Add C/C++ header rewriter

This adds a C/C++ header rewriter utility. See the top comment on a quick description of how it works.
No workspace rule is provided yet, that will come later.

Test Plan: This is a build utility, doesn't really matter.

X-Origin-Diff: phab/D705
GitOrigin-RevId: 4bf274d8301f3a38a1ec7512bf310be9815fb647
diff --git a/build/bazel_cc_fix/main.go b/build/bazel_cc_fix/main.go
new file mode 100644
index 0000000..244e849
--- /dev/null
+++ b/build/bazel_cc_fix/main.go
@@ -0,0 +1,369 @@
+// Copyright 2020 The Monogon Project Authors.
+//
+// SPDX-License-Identifier: Apache-2.0
+//
+// Licensed under the Apache License, Version 2.0 (the "License");
+// you may not use this file except in compliance with the License.
+// You may obtain a copy of the License at
+//
+//     http://www.apache.org/licenses/LICENSE-2.0
+//
+// Unless required by applicable law or agreed to in writing, software
+// distributed under the License is distributed on an "AS IS" BASIS,
+// WITHOUT WARRANTIES OR CONDITIONS OF ANY KIND, either express or implied.
+// See the License for the specific language governing permissions and
+// limitations under the License.
+
+// bazel_cc_fix rewrites include directives in C and C++ code. It rewrites all includes in the target workspace to be
+// workspace-relative and additionally supports rewriting includes via a prototxt-based spec file to for example
+// fix up includes for external libraries.
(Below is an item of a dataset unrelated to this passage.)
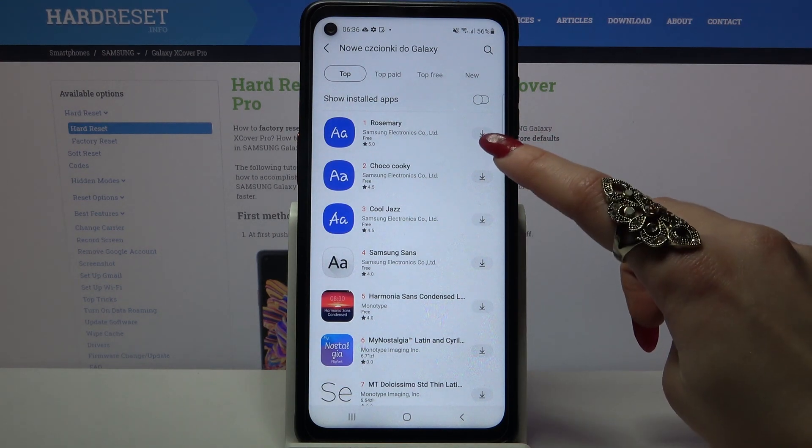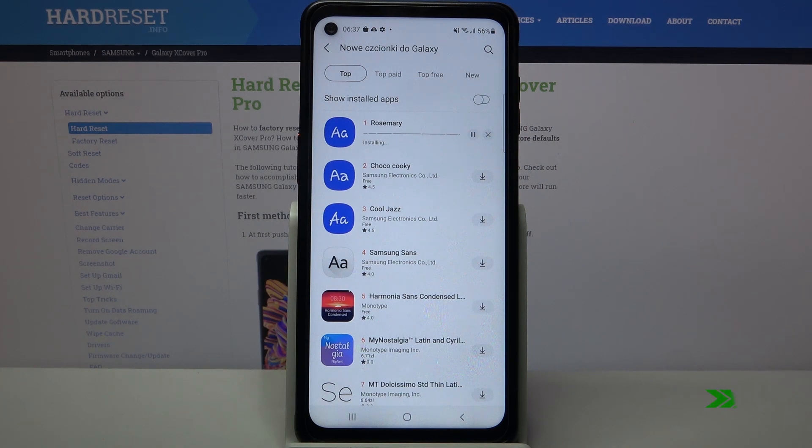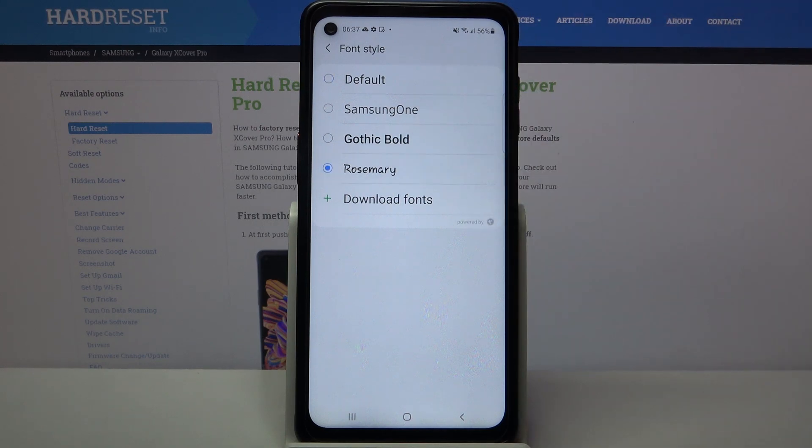Now tap on this icon over here next to Rosemary and go back. All you need to do from here is tap on it to apply it.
+// The rewritten code can then be used in Bazel intra- and inter-workspace without dealing with any copts or include-
+// related attributes.
+// To know where an include would resolve to it expects a compilation database (see
+// https://clang.llvm.org/docs/JSONCompilationDatabase.html) as an input. It looks at all files in that database and
+// their transitive dependencies and rewrites all of them according to the include paths specified in the compilation
+// command from the database.
+// The compilation database itself is either generated by the original build system or by using intercept-build, which
+// intercepts calls to the compiler and records them into a compilation database.
+package main
+
+import (
+	"encoding/json"
+	"flag"
+	"fmt"
+	"io/ioutil"
+	"log"
+	"os"
+	"path/filepath"
+	"regexp"
+	"strings"
+
+	"github.com/golang/protobuf/proto"
+	"github.com/mattn/go-shellwords"
+
+	"source.monogon.dev/build/bazel_cc_fix/ccfixspec"
+)
+
+// compilationDBEntry is a single entry from the compilation database which represents a single compiler invocation on
+// a C/C++ source file. It contains the compiler working directory, arguments and input file path.
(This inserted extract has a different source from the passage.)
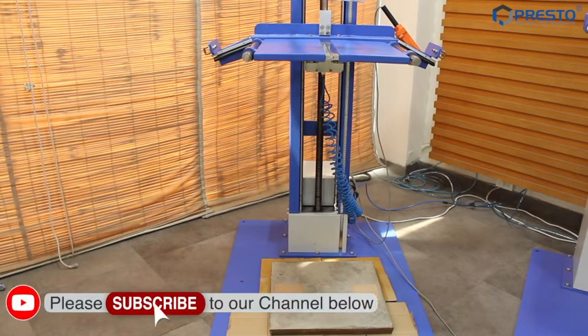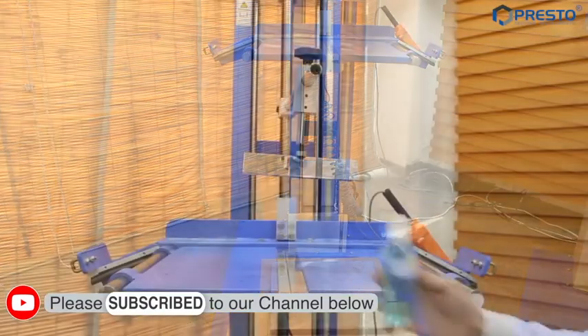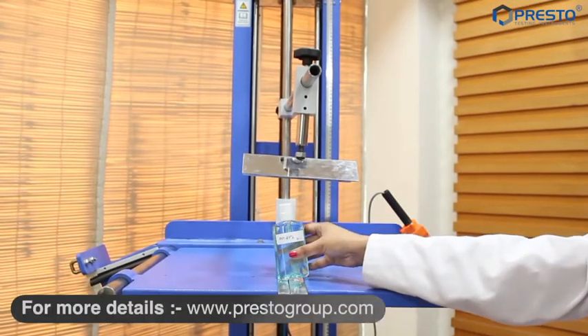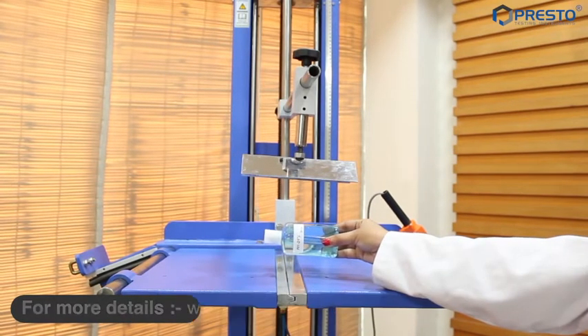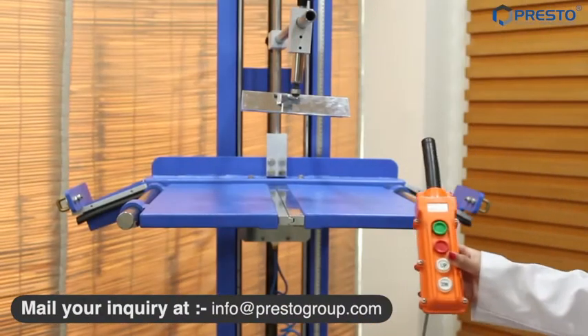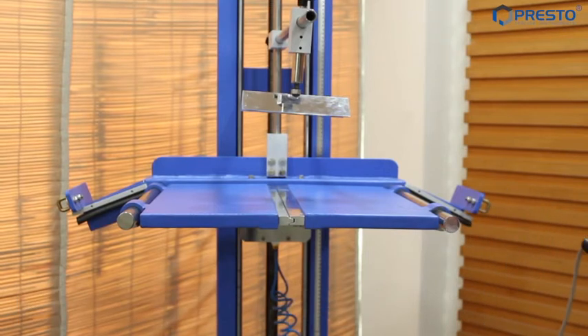As per testing procedure, one bottle has to drop two times from a dropping height of 1.2 meter — one in a vertical position by keeping the base of the bottle onto a rigid horizontal dropping platform, and second by keeping the axis of the body of the bottle parallel to the same platform. Now with the help of a remote switch, I am taking the dropping platform to a height of 1.2 meter.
+type compilationDBEntry struct {
+	Directory string   `json:"directory"`
+	Command   string   `json:"command"`
+	Arguments []string `json:"arguments"`
+	File      string   `json:"file"`
+	Output    string   `json:"output"`
+}
+
+// compilationDB is a collection of compilationDBEntries usually stored in a big JSON-serialized document.
+// https://clang.llvm.org/docs/JSONCompilationDatabase.html
+type compilationDB []compilationDBEntry
+
+// rewrites represents a list of include rewrites with the key being the original include statement
+// (like "#include <xyz.h>", with whitespace trimmed on both sides) and the value being another
+type rewrites map[string]string
+
+// replacer returns a strings.Replacer which efficiently performs all replacements in a single pass
+func (r rewrites) replacer() *strings.Replacer {
+	var replacerArgs []string
+	for from, to := range r {
+		replacerArgs = append(replacerArgs, from, to)
+	}
+	return strings.NewReplacer(replacerArgs...)
+}
+
+// addWorkspace adds a rewrite from a given directive to a workspace-relative path.
+func (r rewrites) addWorkspace(oldDirective, workspaceRelativePath string) {
+	normalizedDirective := strings.TrimSpace(oldDirective)
+	replacementDirective := fmt.Sprintf("#include \"%s\"", workspaceRelativePath)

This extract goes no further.